In The New American Right (1955) seven contributors set out to explain the McCarthy phenomenon and the nature of post- New Deal conservatism. It is a classic example of the Left diagnosing conservatives instead of debating them. (Here again we see ostensible liberals adopting the methods of LeninThink.

The editor, future neocon Daniel Bell, found McCarthy puzzling and in need of explanation because he had done the unthinkable: he attacked “intellecuals, Harvard, Anglophiles, internationalists, and the Army”. Bell could only conclude that the movement was not a rational reaction to real issues:
“The theme of conspiracy haunts the mind of the new rightists.”

These “new conservatives” fell victim to conspiracy theories because they were uneducated, close-minded, losing ground economically, or anxious about their social status.

The net message was clear. The new, post-McCarthy right was not a legitimate political movement. It was symptomatic of social and psychological pathologies. There was no reason to engage its arguments or care about its issue. Better to ignore and marginalize them.

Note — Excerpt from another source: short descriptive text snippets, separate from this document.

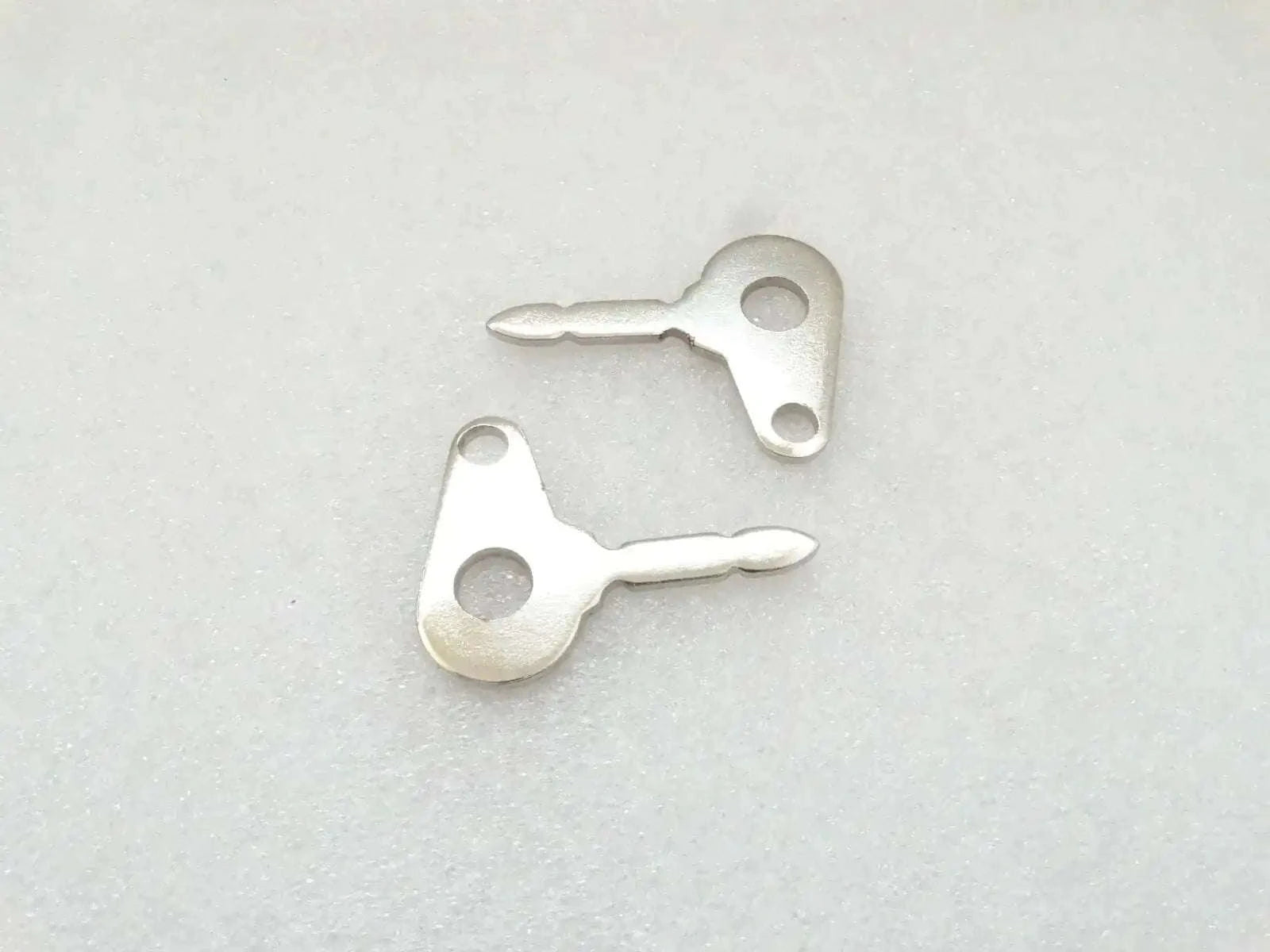 Ignition key blanks, two silver metal pieces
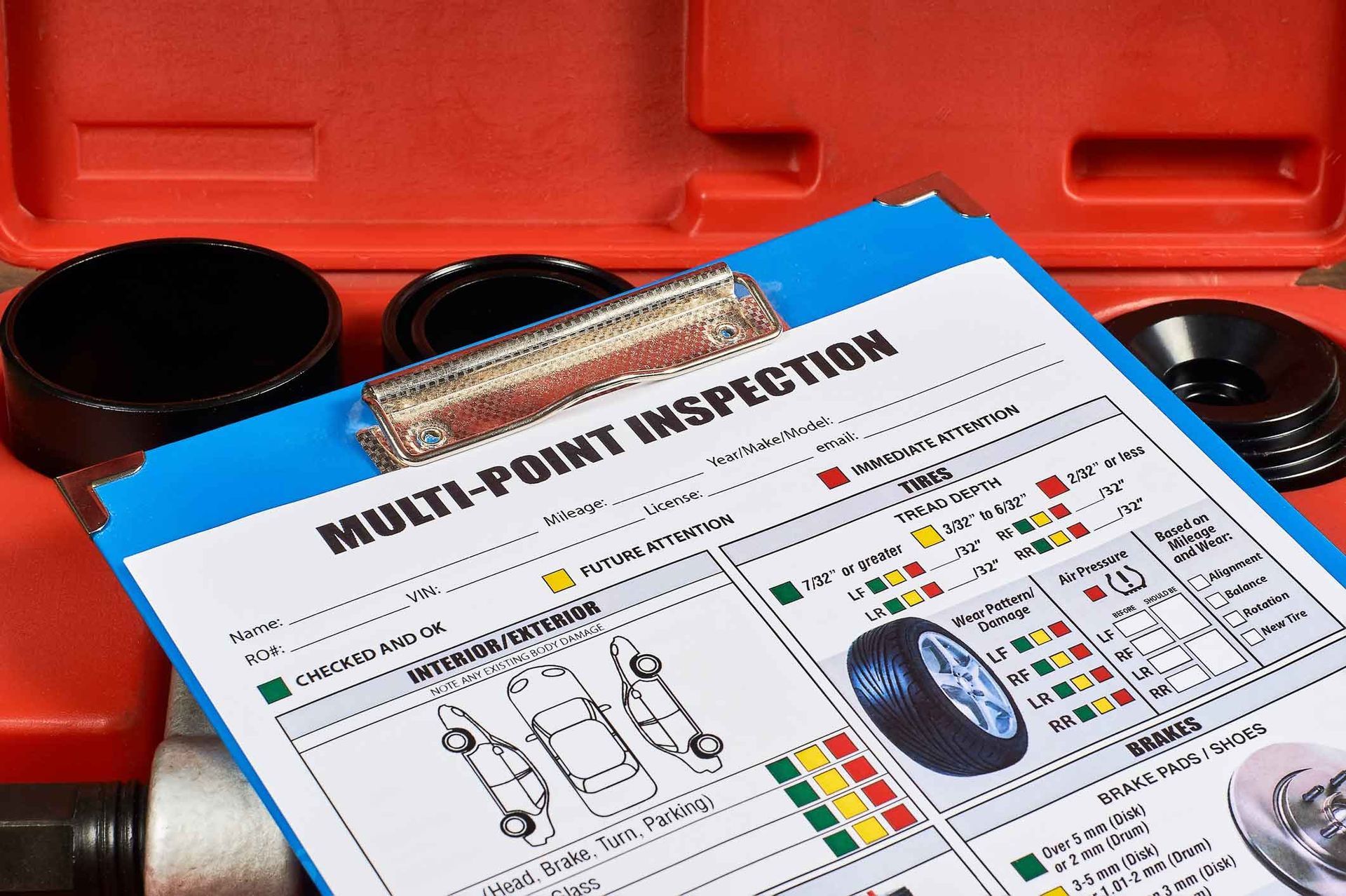 A multi-point inspection checklist on a blue clipboard, next to tools in a red toolbox. The checklist shows car diagrams and colored indicators. A multi-point inspection checklist on a blue clipboard, next to tools in a red toolbox. The checklist shows car diagrams and colored indicators.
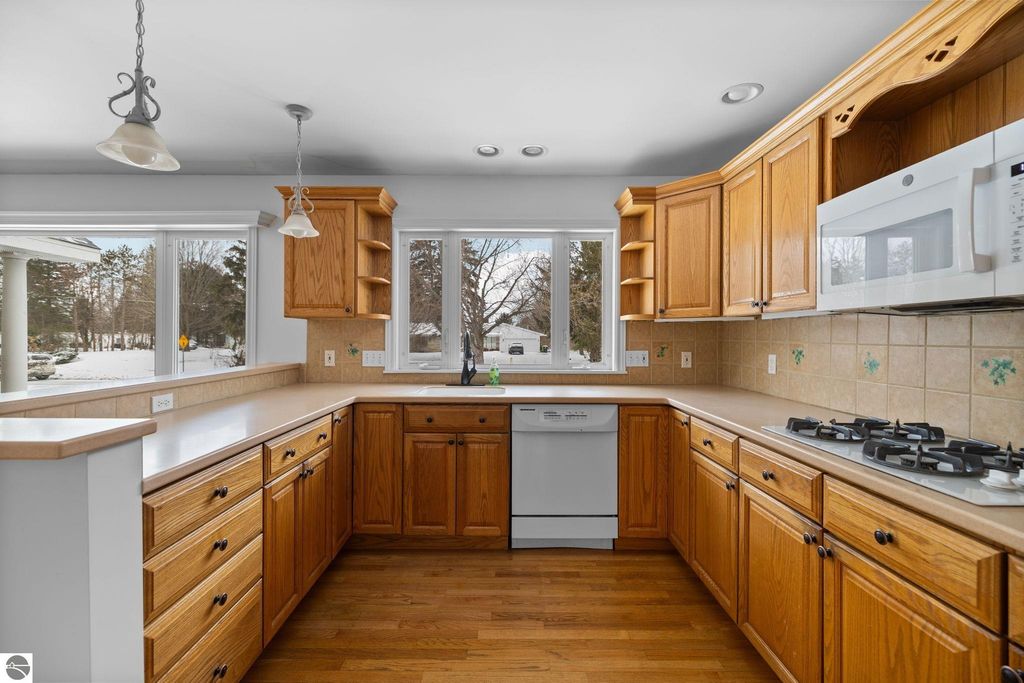 Bright kitchen featuring wooden cabinets, white appliances, and a decorative floral backsplash, showcasing a spacious layout ideal for gatherings in the Traverse City home at 109 Boughey Street.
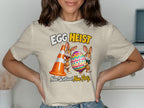 Egg Heist graphic with bunnies, a traffic cone, and colorful egg. Nae Scotland, Nae Party.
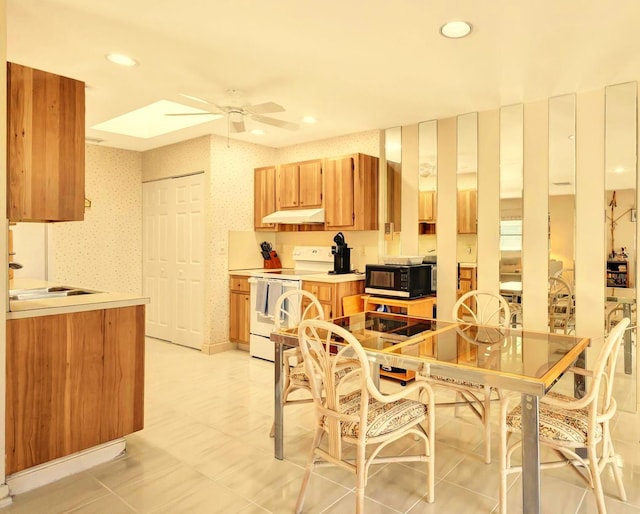 kitchen featuring electric range, ceiling fan, and sink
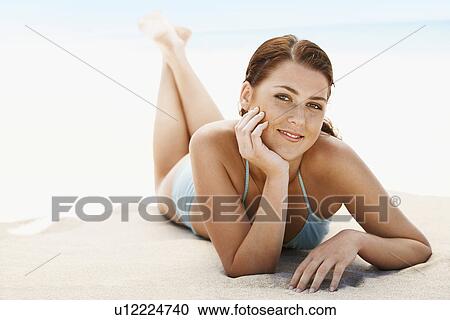 Stock Image - Young woman in bikini lying on beach, close-up. Fotosearch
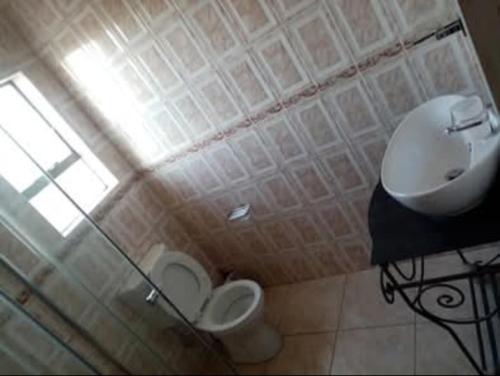 a bathroom with a toilet and a sink at The Seige Guesthouse in Pretoria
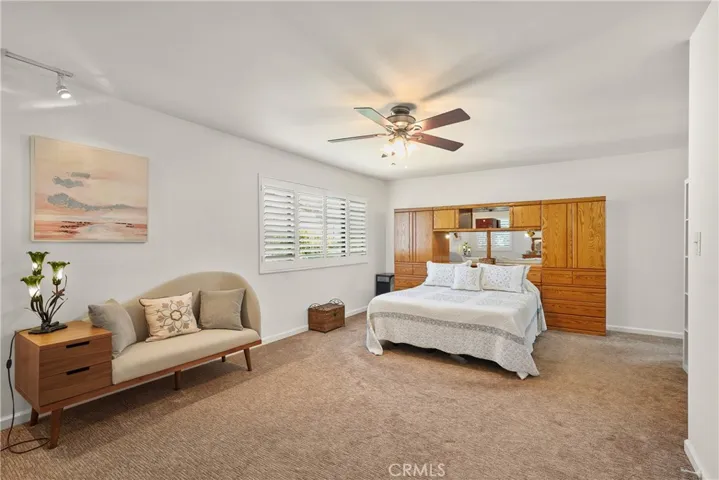 Plantation shutters, ceiling fan and newer carpet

As I said, classic Lenintink:

Don't argue with them, Make them stink in the nose of the world. Make people curse and abominate them, Make them shudder with horror.
Willi Munzenberg

This line of thinking also underlies much of Richard Hofstadter's work – especially Anti-intellectualism in American Life and The Paranoid Style in American Politics. Hofstadter took to calling this new right wing “pseudo-conservative” – a term he borrowed from Marxist thinker Theodor Adorno of the Frankfurt School.

James Pierson:

According to liberal writers like Richard Hofstadter and, Daniel Bell, and others, the far right were disconnected from reality, its followers semi-delusional in their belief that communism represented a domestic threat to the United States.
In short, a multi-decade academic industry took root that was based on an egregious fallacy. “Commie subversion” was not a paranoid delusion; it was a central feature of Soviet statecraft and a prime function of the CPUSA. Once again, McCarthy was directionally correct while his critics were wildly wrong.

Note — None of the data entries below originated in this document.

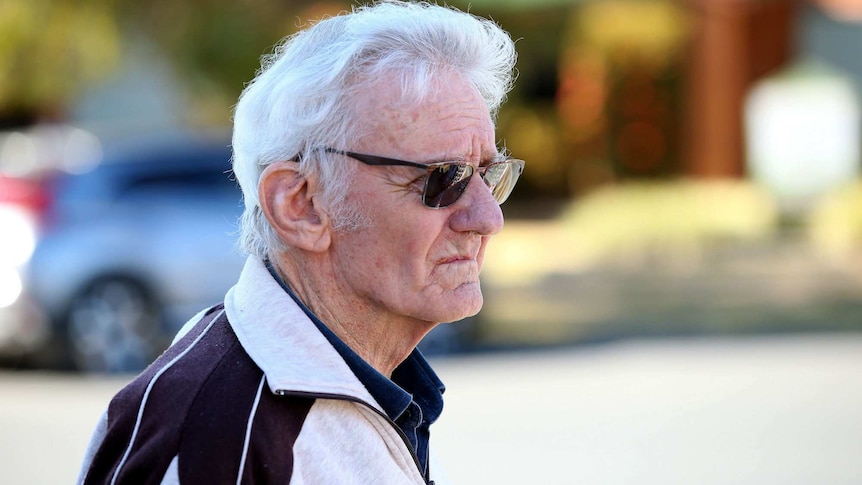 A man with white hair wearing a tracksuit jacket.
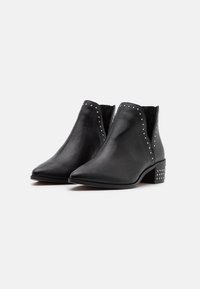 Bottes noires en cuir montantes avec un bout pointu, des accents cloutés sur le côté et un talon carré avec des détails cloutés.
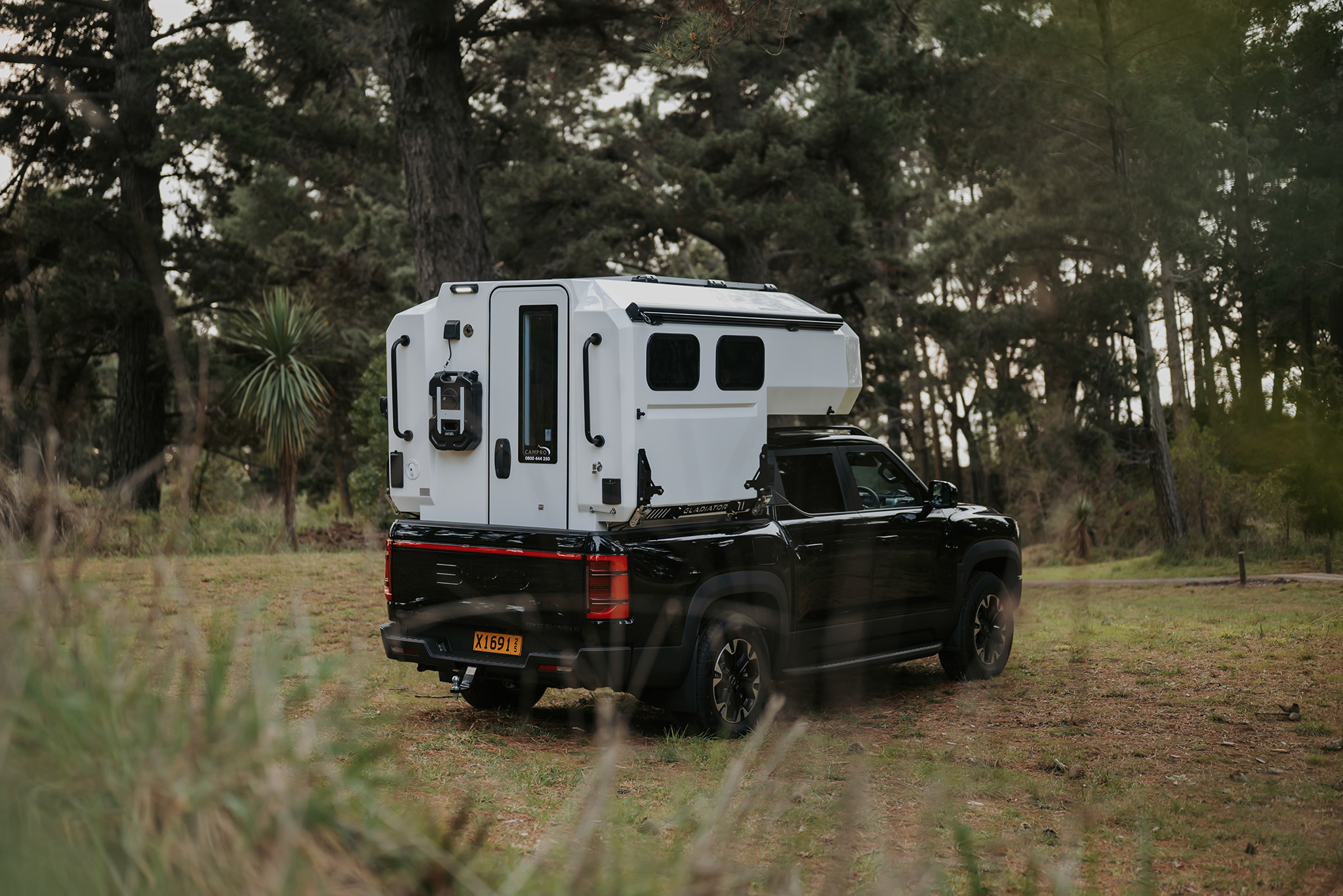 Campro Gladiator Pod on a black BYD Shark 6 at Rabbit Island forrest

It is also worth noting that while Bell, Hofstadter, et. al. were sorely vexed by rightwing conspiracy theories, they ignored the popular leftwing conspiracy theories such as those which posited grovernmental frame-ups of Alger Hiss, Judith Coplon, and the Rosenbergs.

Saturday, April 06, 2024

McCarthyism: The competence canard (2)


The initial case against Sen. Joseph McCarthy declared that he was engaged in a veritable witchhunt-- a demagogic campaign against an imaginery problem. He confused liberals with Communists and progressive idealists with Stalinist agents. He conjured up fanciful networks of conspirators out of thin air to frighten ignorant and parochial voters.

When the VENONA files and Soviet archives came to light, this leftwing dogma was shattered. It turned out that the New Deal was penetrated from top to bottom by conspiratorial networks working for the benefit and at the direction of Stalin's spy organs.

It was (and is) an article of faith among the Left that McCarthy was, is, and must ever be “unredeemable”. So the revelations created a big problem.

What to do? What to do?

The “solution” united far Left academics, New Republic liberals, and neocons like Ron Radosh. The new narrative seemed to address the most troubliing facts while still condemning McCarthy: There had been spies in the 1930s and during WWII, BUT Harry Truman and J. Edgar Hoover had cleared them all out by 1950. So McCarthy was still whipping up public hysteria over a nonexistent problem.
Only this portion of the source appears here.